Jumat, 27 April 2012

Pemikiran Karl Raimund Popper

Karl Raimund Popper lahir di Himmelhof, sebuah distrik di Wina, Austria, pada tanggal 28 Juli 1902. Ayahnya adalah seorang pengacara yang menaruh minat besar pada filsafat dan ilmu-ilmu sosial, sementara ibunya adalah seorang yang sangat mencintai musik. Di perpustakaan pribadi ayahnya tersimpan koleksi buku-buku yang cukup banyak di bidang itu. Dia tumbuh di lingkungan yang ‘decidedly bookish’. Sejak kecil ketertarikan popper terhadap dunia intelektual sudah terbentuk. Pada usia 16 tahun Popper meninggalkan sekolah ‘realgymnasium’-nya karena menurutnya pelajaran-pelajaran di sana terlalu membosankan. Dia kemudian menjadi pendengar bebas di Universitas Wina dan baru pada usia 20 tahun diterima resmi menjadi mahasiswa di universitas itu.[1]
Ketika Popper studi di universitas, Eropa sedang goncang. Kemaharajaan Austria-Hungaria runtuh akibat kekalahannya dalam Perang Dunia I. Kondisi perekonomian memburuk secara drastis, sehingga kelaparan dan kerusuhan terjadi di seluruh penjuru negeri. Pada saat itu Popper sempat masuk perkumpulan pelajar sosialis dan seorang pengagum Marxisme.
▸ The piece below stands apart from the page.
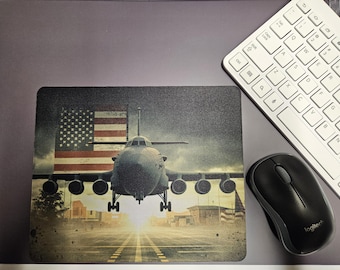 Alfombrilla de ratón de avión C-130 con fondo de bandera estadounidense / Accesorio de escritorio militar patriótico / Regalo para veteranos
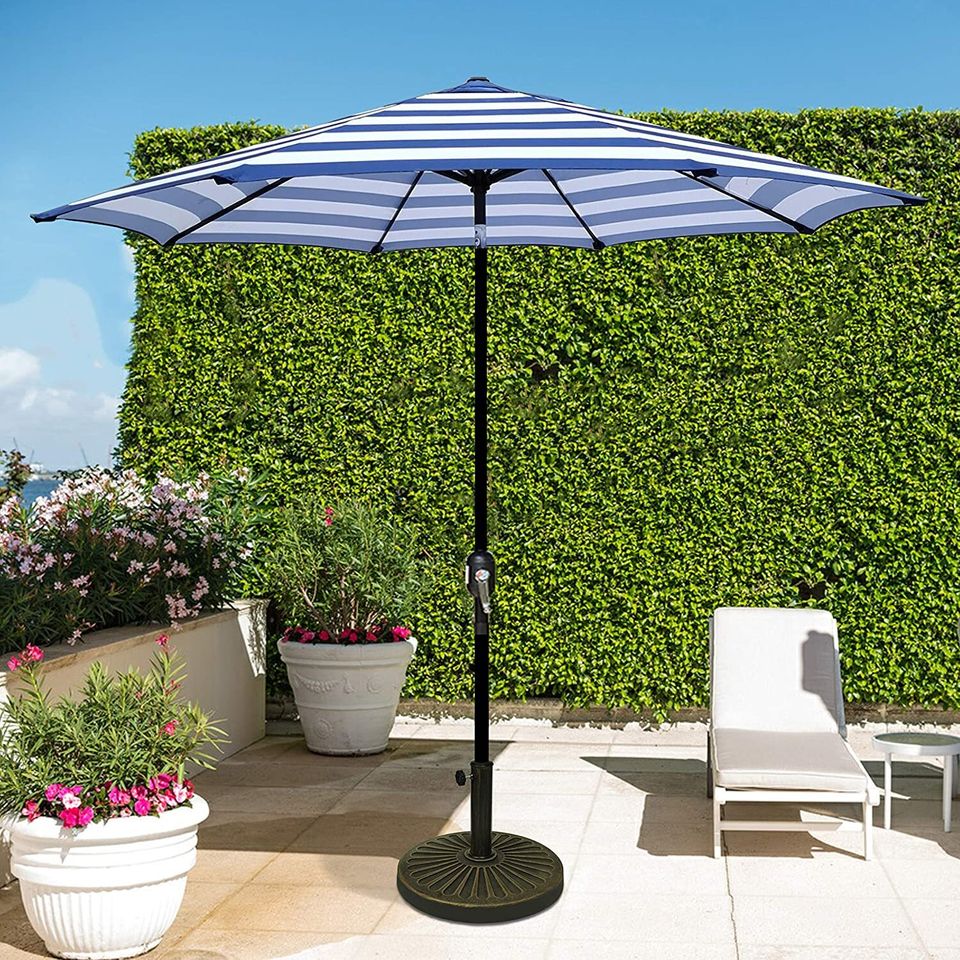 A fan favorite umbrella with over 20,000 positive reviews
Akan tetapi kekaguman Popper terhadap Marxisme pudar setelah menyaksikan kebrutalan yang dilakukan oleh kelompok komunis terhadap lawan ideologisnya. Rangkaian peristiwa tersebut cukup membekas pada Popper, sehingga sejak itu topik tentang kebebasan menjadi sentral dalam filsafat sosial politiknya. Dalam pandangan Popper, “sosialisme negara hanyalah opresi dan tidak bisa direkonsiliasi dengan kebebasan; bahwa kebebasan lebih penting daripada persamaan” karena “jika kebebasan hilang, tidak akan ada persamaan bahkan di antara orang yang tak bebas”.[2] 
Pada tahun 1937 Popper dan istrinya pergi meninggalkan Austria untuk menghindari fasisme Nazi. Perlu diketahui, meskipun dibaptis di gereja Protestan, Popper adalah keturunan Yahudi. Popper pergi ke Selandia Baru melintasi Inggris. Di tempat barunya dia mengajar filsafat di Canterbury University College, Christchurch. Di sana ia menyelesaikan buku Open Society and Its Enemies dan the Poverty of Historicism. Di buku pertamanya ia mengkritisi pemikiran Plato, Hegel, dan Marx. Di buku kedua ia menujukkan bahwa ketiga pemikiran tersebut pada dasarnya adalah ramalan sejarah, dia menyebutnya sebagai historisisme, yang berubah menjadi ideologi. Dalam praktiknya, ideologi cenderung bersifat totaliter karena ia tidak bisa/mau dikritisi dan, apalagi, disalahkan.
Setelah Perang Dumia II berakhir, Popper pindah ke Inggris untuk mengajar di London School of Economics (LSE). Di sana ia terus mengembangkan pemikirannya, termasuk menerjemahkan tulisan-tulisannya dalam bahasa Jerman ke dalam bahasa Inggris. Sejak itu pengaruh Popper meluas cepat. Setelah resmi pensiun pada 1969, Popper tetap aktif menulis dan memberikan kuliah, termasuk beberapa kali kunjungan ke berbagai negara, sampai meninggal pada 1994. Oleh para pengagumnya, gagasan Popper tentang ‘masyarakat terbuka’ terus menerus dikembangkan dan dijadikan jargon cita-cita politik dan ekonomi liberal. George Soros, bekas muridnya di LSE, mendirikan The Open Society Foundation yang bertujuan untuk “opening up closed societies, making open societies more viable, and promoting a critical mode of thinking”.[3] Dengan dana yang dimilikinya, yayasan ini aktif mempromasikan nilai-nilai yang sedikit banyak mengacu pada pemikiran Popper ke seluruh dunia. Di Indonesia, baru-baru ini majalah Prisma yang diterbitkan oleh LP3ES (Lembaga Penelitian, Pendidikan, dan Pengembangan Ekonomi dan Sosial) bekerjasama dengan Yayasan Tifa mengangkat tema ‘Masyarakat Terbuka Indonesia: Pesona atau Persoalan?’. Di sana Terdapat tulisan menarik dari Karlina Supelli yang membahas problematik gagasan masyarakat terbuka Popper jika diimplementasikan di Indonesia.[4] Di bagian akhir kita akan kembali ke topik ini, namun sebelumnya kita akan mendiskusikan terlebih dahulu pemikiran Popper pada ranah epistemologi dan ontologi.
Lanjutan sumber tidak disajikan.